Streamlining procurement

Meanwhile, the president has urged governors to try to get necessary medical equipment on their own first, and an argument for invoking the DPA comes into play here, too, in particular, its priorities and allocations authority.

"Governors are supposed to be doing a lot of this work and they are doing a lot of this work," the president said Thursday. "The federal government's not supposed to be out there buying vast amounts of items and then shipping, you know, we're not a shipping clerk. The governors are supposed to be, as with testing, the governors are supposed to be doing it."

But governors such as Massachusetts' Charlie Baker have pointed out to the president that they're competing against the federal government on orders for needed medical supplies. Baker told the president his state has lost out on several big orders to the feds. The president said later the federal government would work to ensure states don't lose out to the federal government. 

The governors have been pushing the president to invoke the DPA for reasons beyond increasing production, as Baker, New York Governor Andrew Cuomo and Illinois Governor J.B. Pritzker have all mentioned. They're looking for help on price gouging and streamlining the distribution process.

"I am competing with other states. I'm bidding up other states on the prices," Cuomo said Monday, explaining how manufacturers are pricing their products. "California offers them $4. And they say, 'Well, California offered us $4,' and I offer $5. Another state offers $6."

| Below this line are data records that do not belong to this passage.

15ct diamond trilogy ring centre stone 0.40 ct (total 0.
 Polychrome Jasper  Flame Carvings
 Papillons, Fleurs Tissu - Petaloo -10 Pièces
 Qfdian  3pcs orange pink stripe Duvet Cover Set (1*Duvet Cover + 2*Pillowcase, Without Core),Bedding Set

On NBC News' "The Today Show," Pritzker complained Monday that "in one case we're competing for ventilators with FEMA and the federal government, so Illinois is bidding for ventilators against federal government." He said, "The federal government needs to say to all the companies in the United States that produce these goods that they're going to buy them all together distribute them across the states." The DPA, he argued, "allows the federal government to be a single purchaser for everybody, to bring down prices."